WORK INSTRUCTION: Restate the data exactly as given and keep the pictures out.

[Captioned web images]
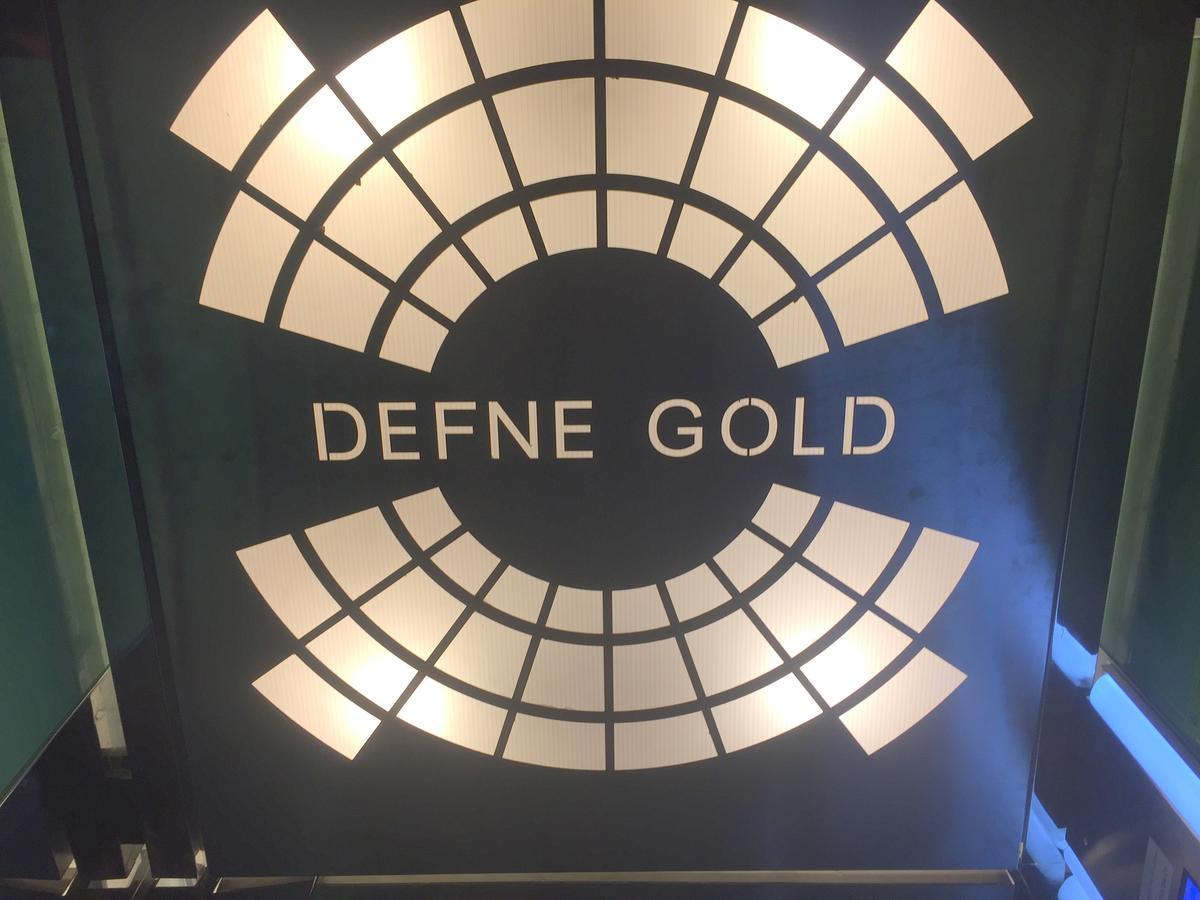 特拉布宗Defne Gold公寓式酒店 外观 照片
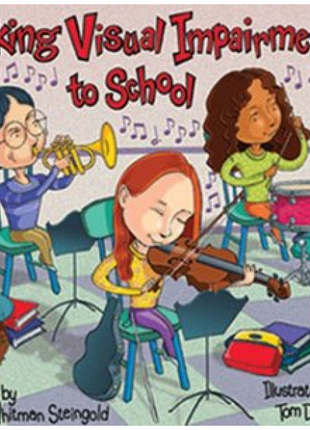 Taking Visual Impairment To School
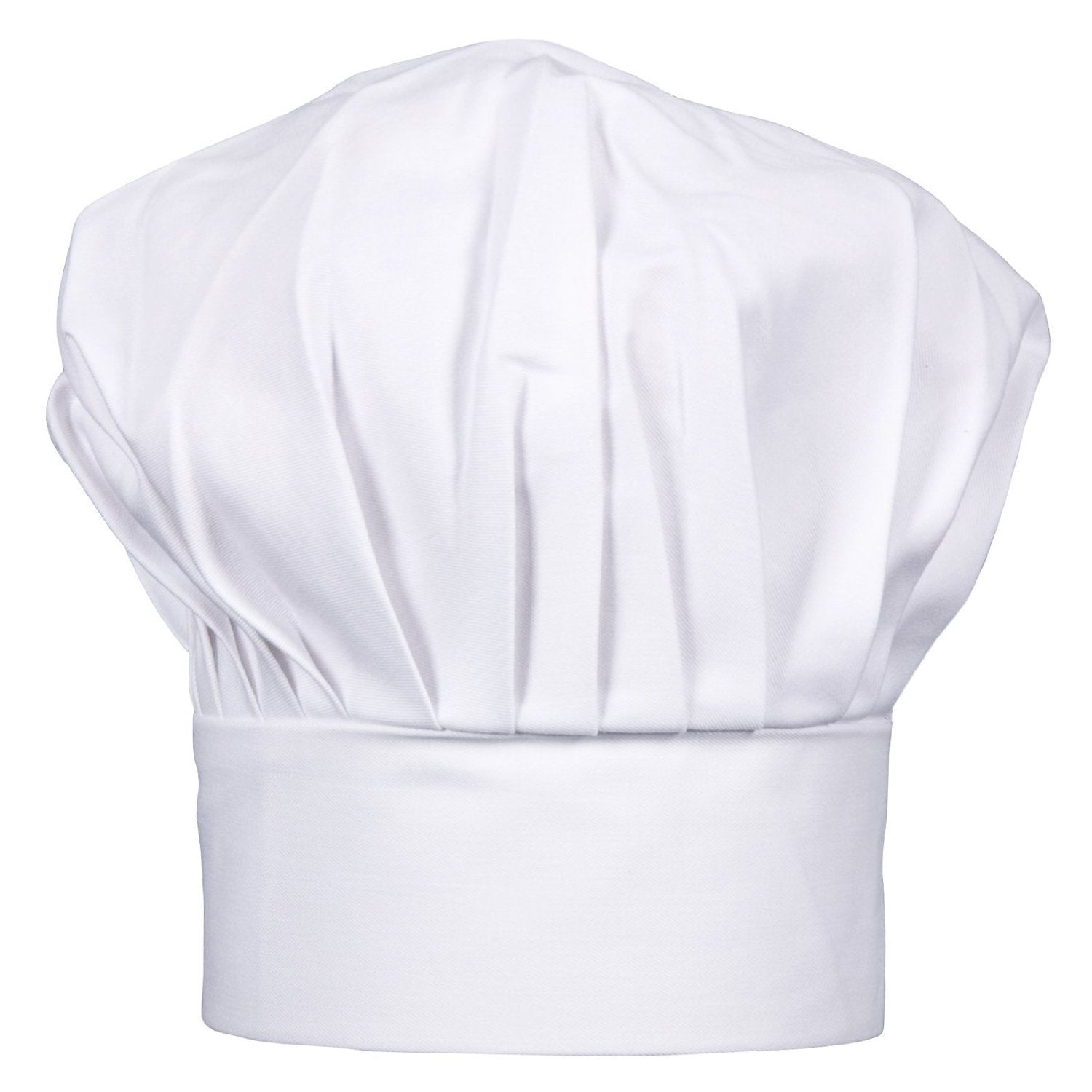 CHEFSKIN Baby Toddler White Chef Hat Adjustable Fits Babies 12-36 Mos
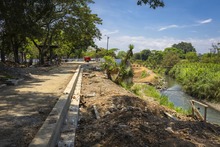 Los senderos y el paisajismo comienzan a darle vida a este espacio de transformaci&oacute;n social y ambiental.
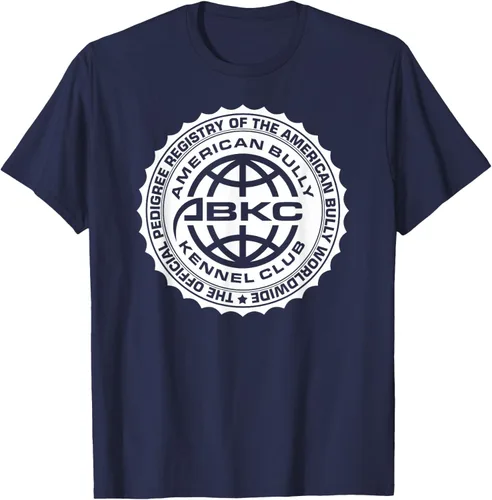 Vista 48 de ABKC American Bully Kennel Club - Camiseta Negro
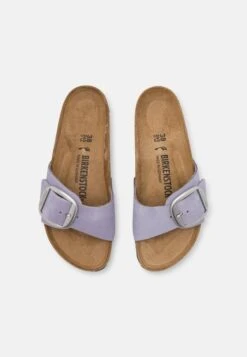 Birkenstock Madrid Big BuckleNarrowCiabattineLilac Donna Ciabatte E Zoccoli BI111A0ZX-I11 -Birkenstock Italia 38eb07c74bed40f3939bdef057024bbe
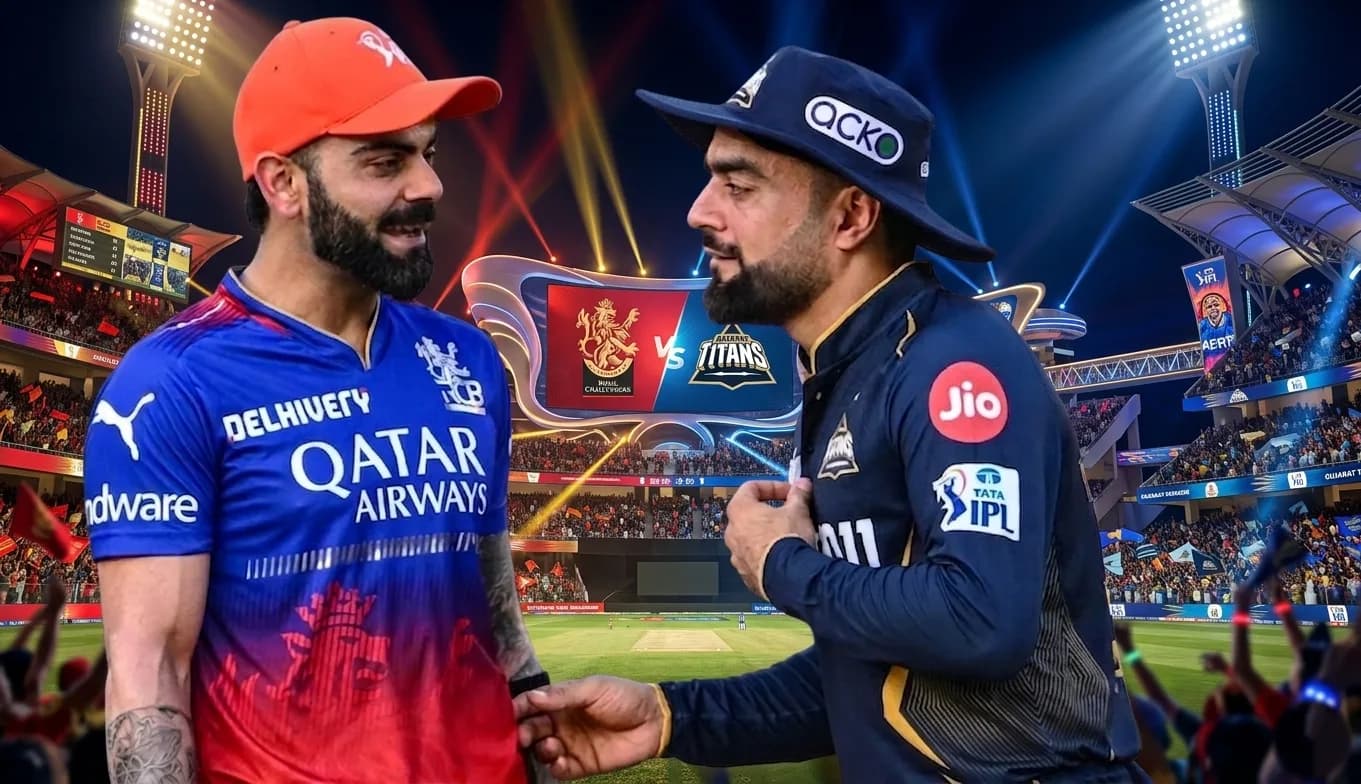 GT vs RCB IPL 2026 Preview: Titans Eye Comeback vs RCB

RESULT OF THE EXERCISE:
 特拉布宗Defne Gold公寓式酒店 外观 照片
 Taking Visual Impairment To School
 CHEFSKIN Baby Toddler White Chef Hat Adjustable Fits Babies 12-36 Mos
 Los senderos y el paisajismo comienzan a darle vida a este espacio de transformaci&oacute;n social y ambiental.
 Vista 48 de ABKC American Bully Kennel Club - Camiseta Negro
 Birkenstock Madrid Big BuckleNarrowCiabattineLilac Donna Ciabatte E Zoccoli BI111A0ZX-I11 -Birkenstock Italia 38eb07c74bed40f3939bdef057024bbe
 GT vs RCB IPL 2026 Preview: Titans Eye Comeback vs RCB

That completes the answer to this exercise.